Sunday, April 6, 2014

thoughts on a music feed aggregator

I've been toying with some ideas on music aggregation.

The problem: I don't listen to music I can't share with my children without fear of violating copyright. This means I listen to a lot of CC licensed music, a lot of music contest websites, and a lot of very independent one-person bands.

I've been thinking that the music aggregator should support distributed operation, so in addition to consuming media feeds that others produce, it must be able to consume its own output.

With that, a lot of normal product assumptions regarding music consumption are destroyed.

Use-Case: When downloading tracks from a contest website some/all of the metadata embedded in the tracks may be less valid than either the metadata from the feed it is found in or the metadata available in the HTML page it is sourced from.

Use-Case: Artist uploads track for contest and uses same track for their album. The music data is the same, but the metadata is changed.

Use-Case: Artist evolves their name over time without having any clear breaks. (Example: "ADD Music" becomes "ADD" later on.)

Use-Case: Artist uploads the track and changes the name of the album before it is finished and officially released.

I've been looking at playlist formats as the basis the information exchange format. A lot of them are light on the metadata.

Something like the format used by MusicBrainz might seem ideal. It's a self-contained format dedicated to distributing music metadata... the problem, however, is that every entity (be it artist, album, track, etc) has a GUID assigned by MusicBrainz. Moreover, while MusicBrainz reliably gets finished releases (even electronic ones via BandCamp), they don't seem particularly designed for demos and ad hoc music contests... so it becomes a format that should be supported in the future, but not one suitable for the primary interchange format. (Though there do appear to be Python bindings.)

Use-Case: Artist picked a well-established name, not realizing it was already taken. The two bands/artists have the same name, but are wildly different.

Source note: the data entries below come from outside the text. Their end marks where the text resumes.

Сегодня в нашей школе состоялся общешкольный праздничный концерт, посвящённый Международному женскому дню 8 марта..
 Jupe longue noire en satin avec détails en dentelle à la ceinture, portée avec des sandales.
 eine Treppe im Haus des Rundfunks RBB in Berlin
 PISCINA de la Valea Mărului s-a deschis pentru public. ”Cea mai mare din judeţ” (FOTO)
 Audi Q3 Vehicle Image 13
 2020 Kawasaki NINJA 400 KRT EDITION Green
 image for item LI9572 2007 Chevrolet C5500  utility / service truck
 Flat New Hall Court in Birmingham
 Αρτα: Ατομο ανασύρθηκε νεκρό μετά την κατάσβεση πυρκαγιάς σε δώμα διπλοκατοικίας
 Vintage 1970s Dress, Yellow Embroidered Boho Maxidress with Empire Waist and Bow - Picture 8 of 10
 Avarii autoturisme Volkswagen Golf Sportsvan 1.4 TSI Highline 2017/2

Use-Case: There are a lot of duplicated album names with different Album Artists. (The simple "Compilation Flag" of iTunes breaks.) This can be done on purpose as an homage to another artist, or an accident.

Use-Case: The fantastic Song Fight! contest uses the same song title for all contributed songs in the current contest. Anything expecting a song title alone to be meaningful is broken.

I had previously seen the page mentioning Playlists on Wikipedia. It was revisiting this that I saw references to SMIL.

I also ran across a comparison of various playlist formats. The context of this data was specifically remote playlists, so it was the sort of thing I was looking for, but old data. It was missing XSPF. It covered the idea of using a metadata-heavy markup and hijacking it for playlist purposes. I'll get back to that.

It (and links related to it) indicated that SMIL was once considered an attractive format for remote playlists. While tracking down a lead from SMIL research, I found the Playr bookmarklets and references to the service previously supporting SMIL. At this point, I found that perhaps SMIL isn't really a favorite any longer. XSPF, however, is available directly, and is used by the (open-source) Flash player.

Regarding SMIL, the possibilities for doing karaoke with SMIL look really nice. In fact, integrating a video with a presentation sort of thing looks straight-forward. I did a little investigation, and while complete support for SMIL is somewhat rare, there appear to be a ton of applications that support DAISY Talking Books, which is a subset of SMIL. To that end, I've installed Obi, an application to easily create them. (A good test-case for this is Josh Woodard's music, as he makes vocal, instrumental, and lyrics available for all his stuff.) Not a high priority, but it periodically comes up.

The idea of the metadata-heavy markup, led to the Dublin Core Metadata Initiative, the Music Ontology (and Omras2), OWL, and LinkedDataTools. Bonus: Since I'm all about CC licensed music, the license can be encoded in the documents using CC REL.

Of course, I reminded myself why RSS stinks and why Atom 1.0 is the way to go, syndication-wise. I looked at django-planet as a source of ideas for how to get started.

That's basically my brain-dump for now.